I have a problem where I think subsampling is more appropriate than the bootstrap. (Reason in another post.)

However, I found no quick reference on subsampling CIs, and my naive inversion of the basic theory led to something that looks like the analogue of the "basic bootstrap" CI which seems to be used less often itself. Also, another question got a reply that subsampling applications usually "rely on asymptotic normality of the estimate", and "a bootstrap of some sort is more appropriate eg for asymmetric confidence intervals."

My (limited) understanding of subsampling does not seem to imply that.

I think I can get CIs as $$(\theta -\frac{\sqrt{b}}{\sqrt{n}}(\theta^{*}_{(1-\alpha)}-\theta);\theta -\frac{\sqrt{b}}{\sqrt{n}}(\theta^{*}_{(\alpha)}-\theta))$$ where $\theta^{*}_{(1-\alpha)}$ denotes the $1-\alpha$ percentile of the subsampled coefficients $\theta^{*}$ and $\theta$ is original estimate (so yes, everything could use $\hat{\theta}$ here).

So, if I have a nonparametric estimator for the "excess mass" at some parts of the distribution (implicitly using kernel density estimates usually unfit for the bootstrap), and I "simply" repeat the process with subsamples without replacement, how do I get a CI from the distribution of estimates?
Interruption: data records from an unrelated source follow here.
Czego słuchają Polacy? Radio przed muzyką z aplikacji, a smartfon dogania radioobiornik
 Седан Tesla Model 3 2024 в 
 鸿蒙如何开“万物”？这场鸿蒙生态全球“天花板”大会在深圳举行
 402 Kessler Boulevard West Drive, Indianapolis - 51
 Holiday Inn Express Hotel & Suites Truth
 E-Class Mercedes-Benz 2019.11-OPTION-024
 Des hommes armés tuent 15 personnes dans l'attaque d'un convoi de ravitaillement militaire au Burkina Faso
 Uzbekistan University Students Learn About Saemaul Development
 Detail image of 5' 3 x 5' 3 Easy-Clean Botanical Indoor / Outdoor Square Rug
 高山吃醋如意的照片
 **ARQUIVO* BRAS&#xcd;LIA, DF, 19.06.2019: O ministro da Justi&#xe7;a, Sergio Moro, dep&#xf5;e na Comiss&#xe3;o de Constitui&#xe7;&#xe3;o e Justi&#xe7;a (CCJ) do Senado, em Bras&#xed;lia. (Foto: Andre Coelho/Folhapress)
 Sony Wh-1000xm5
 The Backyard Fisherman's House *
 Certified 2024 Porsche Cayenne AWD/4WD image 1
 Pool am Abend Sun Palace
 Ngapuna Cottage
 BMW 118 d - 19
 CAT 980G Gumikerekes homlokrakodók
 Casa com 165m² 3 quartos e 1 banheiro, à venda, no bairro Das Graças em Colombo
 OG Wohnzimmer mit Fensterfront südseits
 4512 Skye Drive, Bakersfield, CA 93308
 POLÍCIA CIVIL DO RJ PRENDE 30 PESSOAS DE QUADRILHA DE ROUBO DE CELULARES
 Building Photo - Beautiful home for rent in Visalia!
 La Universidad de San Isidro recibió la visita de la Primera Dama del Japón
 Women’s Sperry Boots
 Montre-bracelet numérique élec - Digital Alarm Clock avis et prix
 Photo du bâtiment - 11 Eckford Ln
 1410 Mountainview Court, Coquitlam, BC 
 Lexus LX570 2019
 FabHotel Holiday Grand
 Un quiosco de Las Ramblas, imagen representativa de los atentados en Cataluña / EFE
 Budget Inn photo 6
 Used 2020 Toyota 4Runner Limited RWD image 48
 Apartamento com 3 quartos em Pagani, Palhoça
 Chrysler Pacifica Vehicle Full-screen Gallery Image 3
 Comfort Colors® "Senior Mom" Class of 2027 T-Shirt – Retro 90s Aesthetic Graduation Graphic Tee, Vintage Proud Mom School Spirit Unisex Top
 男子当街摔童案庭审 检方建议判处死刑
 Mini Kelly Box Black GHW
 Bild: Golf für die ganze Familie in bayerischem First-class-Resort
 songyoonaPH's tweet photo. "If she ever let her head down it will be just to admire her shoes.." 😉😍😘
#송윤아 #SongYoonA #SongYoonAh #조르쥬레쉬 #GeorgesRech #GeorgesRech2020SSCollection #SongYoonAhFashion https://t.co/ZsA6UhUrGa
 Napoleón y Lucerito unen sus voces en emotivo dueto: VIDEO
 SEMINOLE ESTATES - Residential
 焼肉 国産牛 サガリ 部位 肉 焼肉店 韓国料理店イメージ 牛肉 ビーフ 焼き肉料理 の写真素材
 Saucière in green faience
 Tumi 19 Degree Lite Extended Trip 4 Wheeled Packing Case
Take the raw percentiles (á la "percentile bootstrap") or invert the statistic from the general theory ("basic bootstrap").

Monte Carlos would be prohibitively expensive to compare these.

By the way, I know subsampling is not really a smart move without deriving something about the rate of convergence (simple square root above) and the right method to pick the size of the subsample (b). But is a "percentile bootstrap" any smarter in this case?

Finally, maybe a question worthy of its own posting, but if "b=n" is not required for the common bootstrap either (nor is no-replacement, thus subsampling could be a subset of bootstrap methods), why isn't the $\frac{\sqrt{b}}{\sqrt{n}}$ correction part of the bootstrap CI formulas (basic or BCa)?